We see this, however, as the high price of short-term savings. The more manual data entry your company has to carry out, the more it’s costing you over time. According to Goldman Sachs, the total costs of manual, paper-based invoice processing even amounted to $2.7 trillion annually, which is a big burden in terms of time and money.

With an automated solution, these costs can be lowered by at least 50-70%, while some studies even estimate cost reductions of up to 80%. That seems to be a good deal, so let’s have a closer look at the concept of data entry automation!

Save time and money

What is automated data entry?

Automated data entry can best be described as the use of software to remove repetitive manual administrative tasks from employee workloads, saving companies time and money to improve performance and increase revenue.

Automated data entry software is capable of reading information from a difficult to access source, such as a PDF file or printed document, and passes the data on to another system or data storage (i.e. databases, spreadsheets and so on).

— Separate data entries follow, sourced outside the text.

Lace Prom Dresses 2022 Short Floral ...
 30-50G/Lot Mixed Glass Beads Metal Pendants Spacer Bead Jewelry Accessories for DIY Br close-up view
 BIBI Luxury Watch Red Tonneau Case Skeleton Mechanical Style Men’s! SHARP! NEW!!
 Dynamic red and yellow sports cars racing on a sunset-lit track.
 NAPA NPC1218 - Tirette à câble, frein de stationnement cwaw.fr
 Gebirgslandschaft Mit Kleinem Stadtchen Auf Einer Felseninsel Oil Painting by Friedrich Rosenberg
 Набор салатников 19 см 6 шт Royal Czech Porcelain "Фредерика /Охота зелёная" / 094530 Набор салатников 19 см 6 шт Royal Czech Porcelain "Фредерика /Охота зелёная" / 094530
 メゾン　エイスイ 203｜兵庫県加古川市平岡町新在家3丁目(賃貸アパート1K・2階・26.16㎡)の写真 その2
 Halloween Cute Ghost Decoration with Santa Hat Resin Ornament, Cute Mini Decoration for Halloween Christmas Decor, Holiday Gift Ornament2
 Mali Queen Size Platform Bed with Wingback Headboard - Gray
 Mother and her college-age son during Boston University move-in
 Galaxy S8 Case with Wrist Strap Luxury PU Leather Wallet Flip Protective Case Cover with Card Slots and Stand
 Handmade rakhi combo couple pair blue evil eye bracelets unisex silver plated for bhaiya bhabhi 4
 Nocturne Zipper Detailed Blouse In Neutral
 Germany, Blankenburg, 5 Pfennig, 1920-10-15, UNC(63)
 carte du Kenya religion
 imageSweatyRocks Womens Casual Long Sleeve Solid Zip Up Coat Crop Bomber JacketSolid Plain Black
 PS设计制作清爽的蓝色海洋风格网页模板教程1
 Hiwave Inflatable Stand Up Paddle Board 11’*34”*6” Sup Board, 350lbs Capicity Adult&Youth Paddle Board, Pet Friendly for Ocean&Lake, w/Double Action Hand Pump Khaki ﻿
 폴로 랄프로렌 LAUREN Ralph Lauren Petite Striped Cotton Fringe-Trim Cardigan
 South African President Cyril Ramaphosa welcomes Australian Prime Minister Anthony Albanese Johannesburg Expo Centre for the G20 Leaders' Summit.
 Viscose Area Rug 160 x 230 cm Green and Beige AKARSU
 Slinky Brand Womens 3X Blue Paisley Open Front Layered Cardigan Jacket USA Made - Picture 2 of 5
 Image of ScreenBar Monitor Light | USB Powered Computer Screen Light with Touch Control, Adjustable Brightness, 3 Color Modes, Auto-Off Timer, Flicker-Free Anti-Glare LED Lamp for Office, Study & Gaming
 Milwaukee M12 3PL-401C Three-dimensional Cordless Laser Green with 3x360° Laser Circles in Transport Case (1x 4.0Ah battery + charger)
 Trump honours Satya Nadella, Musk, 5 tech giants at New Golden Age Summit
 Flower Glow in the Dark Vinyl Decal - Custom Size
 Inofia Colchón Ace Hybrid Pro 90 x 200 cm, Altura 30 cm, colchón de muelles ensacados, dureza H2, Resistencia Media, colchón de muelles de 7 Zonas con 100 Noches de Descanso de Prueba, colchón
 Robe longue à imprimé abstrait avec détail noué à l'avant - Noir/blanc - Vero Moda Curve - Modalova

Several techniques can be used in this process. Broadly speaking, we can distinguish between:

  • Rule-based techniques
  • Machine learning techniques

Rule-based techniques

The traditional rule-based approach looks for data in very specific locations on a document, dictated by pre-defined logic and rules. These rules are coded into a system in the form of if-then-else statements.

The main idea of a rule-based system is to capture the knowledge of a human expert in a specialized field (e.g. accounts payable) and incorporate it into a computer system. That’s it. No more, no less. It’s a bit like a human being born with fixed knowledge.

Rule-based systems have been around for many years and have been reasonably effective in converting data from documents and thereby reducing manual data entry.

However, while rule-based techniques have worked well with highly structured forms, they struggle with semi-structured (e.g. invoice and receipts) and unstructured documents (e.g. the body of an e-mail). These kinds of documents are less predictable and are therefore not well suited for the rule-based approach.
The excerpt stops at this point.